Now Am Found! said...

great advice, terrific teaching opportunity. glad you are doing so well.

RehabRN said...

Yes, yes, yes! Thanks for telling your story all over again.

If you save one person every year you tell it, it will be worth it.

Cancer sucks, And if one more paranoid dentist helps someone else, hooray!

Anne said...

Thank you for this post. I hope that it is widely read.

Lynda Halliger Otvos (Lynda M O) said...

Thanks, Jo, for this cogent reminder and plea for sanity in our lives. We so need to become aware and practice preventive medicine.

Knight Brian said...

Wow, sorry you had to go through that. They say what does not kill us makes us stronger. I work on a surgical-onc floor and half of our patients have some form of head and neck cancer. No doubt it can be life changing in a bad way. You mentioned your friend Mary who was HPV negative. This has been a interest of mine. When a patient does not smoke or drink OC is often blamed on HPV. My question is what about all the other toxins and carcinogens that go through our mouth everyday. Take tooth paste for one example. Normal tooth paste has two or three carcinogens which I can not name off the top of my head right now.

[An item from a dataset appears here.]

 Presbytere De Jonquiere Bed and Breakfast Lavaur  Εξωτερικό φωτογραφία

Could things like that be a major cause of oral cancer in people who do not drink or smoke and are diagnosed at a young age. I think so what are your thoughts?

Knight Brian said...

Wow, sorry you had to go through that. They say what does not kill us makes us stronger. I work on a surgical-onc floor and half of our patients have some form of head and neck cancer. No doubt it can be life changing in a bad way. You mentioned your friend Mary who was HPV negative. This has been a interest of mine. When a patient does not smoke or drink OC is often blamed on HPV. My question is what about all the other toxins and carcinogens that go through our mouth everyday. Take tooth paste for one example. Normal tooth paste has two or three carcinogens which I can not name off the top of my head right now. Could things like that be a major cause of oral cancer in people who do not drink or smoke and are diagnosed at a young age. I think so what are your thoughts?

Wendy said...

My dentist floored me the other day when, for the very first time, he actively looked for oral cancer. Now, reading your post, I understand why and I really hope more dentists will start doing this for everyone.

Thanks, Jo!

Anonymous said...

I've been a silent reader...and I don't visit my dentist 2x a year...it's more like every freaking month (lovely weak tooth enamel). So I HOPE that if I don't notice something he will.

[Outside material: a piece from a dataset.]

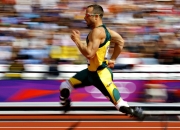 开云体育官方网站-莫兰特掌控全场，雄鹿对阵猛龙的比赛走势尽在掌中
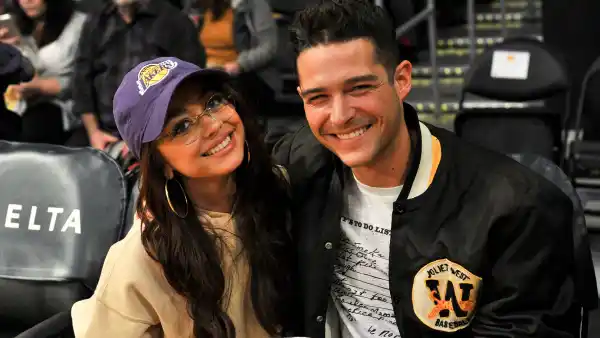 Sarah Hyland and Wells Adams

The comment above about toothpaste surprised me, I hadn't even considered toothpaste being a problem.

Regardless, congratulations on your anniversary for surviving cancer.

Anonymous said...

Just last week, my dentist told me "you need to have ENT check that out." Female, in my 40's, never smoked... I have been talking myself out of going. I'm going. Thank you.

Jo said...

Hey, Anon whose doc said you should see an ENT?

Chances are it's nothing. If it *is* something, leave me a note or email me (address is to the left, under "speak"). I got your back.

Anonymous said...

Fairly regular reader here--you are hilarious!

I want to thank you for using your blog to bring attention to OC and how it can, unfortunately, happen to anyone.

Last February, I was diagnosed with stage IIIa squamous cell carcinoma of the sinuses, tongue, throat and trachea. Three rounds of chemo and 8 months of radiation plus surgery later, I have only one stable tumor left...in comparison to the three tumors in my sinuses and numerous tiny ones on my tongue that I started with. I don't have HPV and I've never smoked a cigarette. When a total stranger asks if I have a cigarette, I respond with, "I already have sinus cancer, but thanks!"

My "thanks" to you, however, is not snarky, it's genuine. Thanks for blogging about something that I know can be very personal so that others might avoid all of this cancery crap.

Sandra Dalton said...

I am a hospice nurse. I see all kinds of rare cancers. Most are advanced. Any education or posts are all helpful and potentially life saving advice and stories.